You won’t always get a chance to explain your way out of a situation like that, so in the name of love, heed my words: I want to help you avoid my mistakes, but to do that we need to talk about sounds. Lots of them.

Improving your accent is simple in theory but it isn’t easy in practice. It takes a lot of work to train your ears and mouth and I can’t do that for you. What I can do is point out where you’re probably making mistakes so that you know what areas you need to improve.

Naturally, if you make more of the right sounds and less of the wrong ones, your pronunciation is going to improve. Today I’m going to point out a few of these crucial Japanese phonetic sounds for you.

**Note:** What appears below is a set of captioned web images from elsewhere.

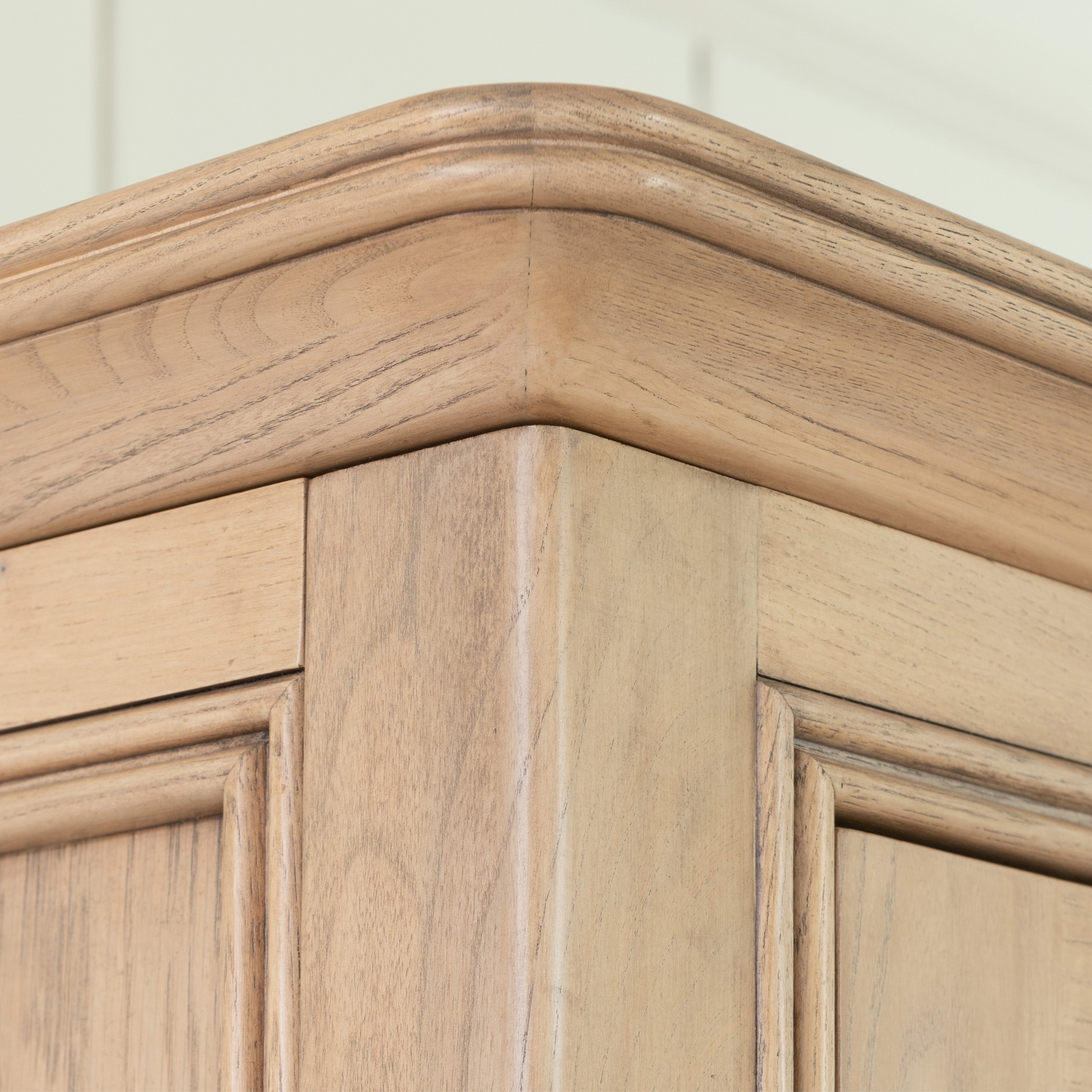 Toulon Wardrobe With Mirror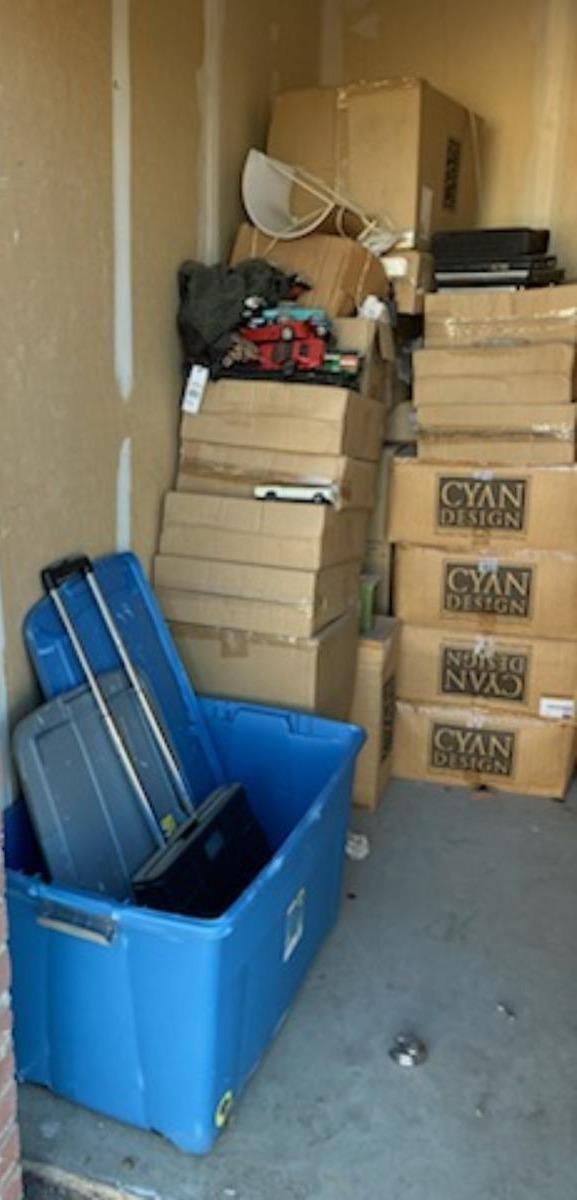 Storage Unit Auction 391093 Cedar Hill, TX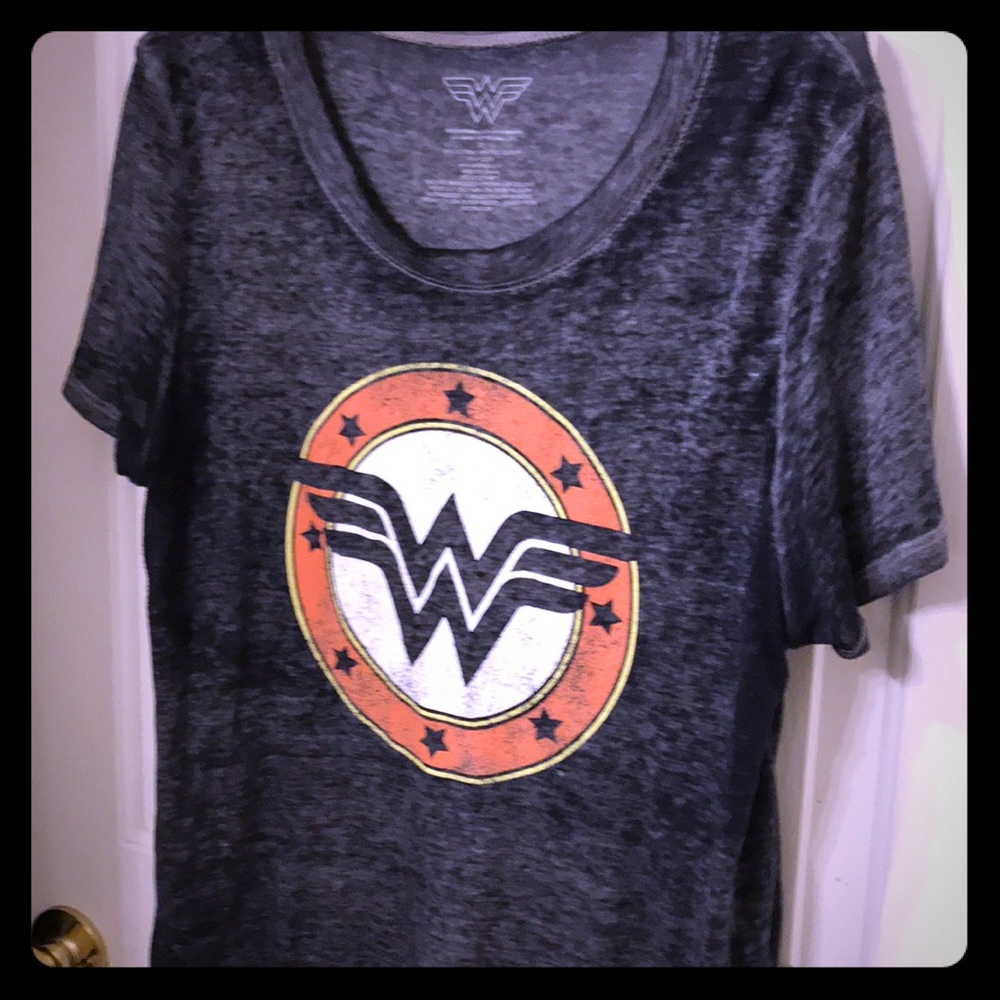 Wonder Woman burnout tee jrs sz xl!!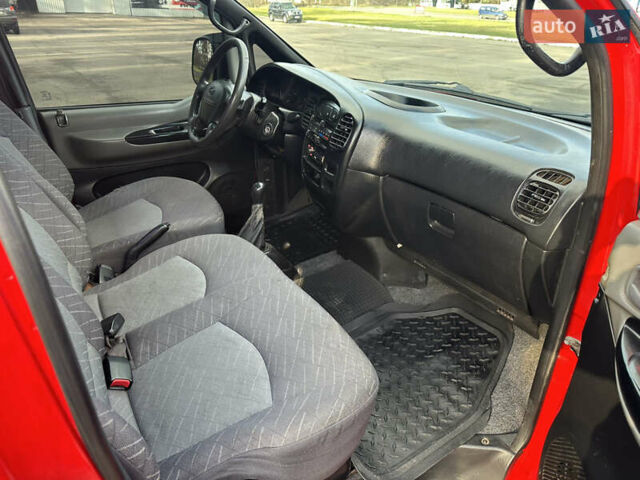 Червоний Хендай H-1, об'ємом двигуна 2.5 л та пробігом 370 тис. км за 5000 $, фото 16 на Automoto.ua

Why Study Japanese Phonetics?

When I began studying Japanese, I was told that Japanese pronunciation was very easy. The following are a few things I was told within the first few days of class in order to justify why we were spending only one class period on pronunciation:

  • The language is atonal (unlike Mandarin or Vietnamese).
  • Spelling is phonetic and pronunciation is consistent. Words sound like they look and look like they sound. Even someone who’s never studied Japanese before could read a text written in romaji and be understood without trouble (unlike someone studying French, for example).
  • Not only is pronunciation consistent, but it’s also easy for English speakers. English has a lot of vowels, but if you pronounce the vowels like in Spanish, you’ll be just fine.
  • し, I was told, is pronounced just like the word “she” in English. This is my specific bone to pick and I’ll make special note of it in this article.

I think that my experience studying Japanese in the classroom was pretty traditional, so I’m sure that most of you reading this post probably heard similar things. This begs a pretty straightforward question: If Japanese pronunciation is so easy, why would someone devote time to studying the phonetics of Japanese, or what Webster’s English Language Learner Dictionary defines as “the study of speech sounds”?

For a while, I wouldn’t have been able to answer this question. Just as my teacher said, Japanese pronunciation seemed pretty straightforward. I practiced phrases from “Genki” with my Japanese roommate a few times per week and he always understood.

As I improved at Japanese, however, the feeling that something with my pronunciation wasn’t quite right also got stronger. Then, one day, I learned about allophones.

Things to Know About Studying Japanese Phonetics

Allophones and a forewarning

In what might be too simple of a definition, allophones occur when one phonetic unit actually represents more than one sound.

That might sound complicated but it’s actually quite easy to demonstrate. Put your hand in front of your mouth and say “kite” followed by “sky.” Do you notice how when you say “kite,” a puff of air hits your hand but not when you say “sky”? 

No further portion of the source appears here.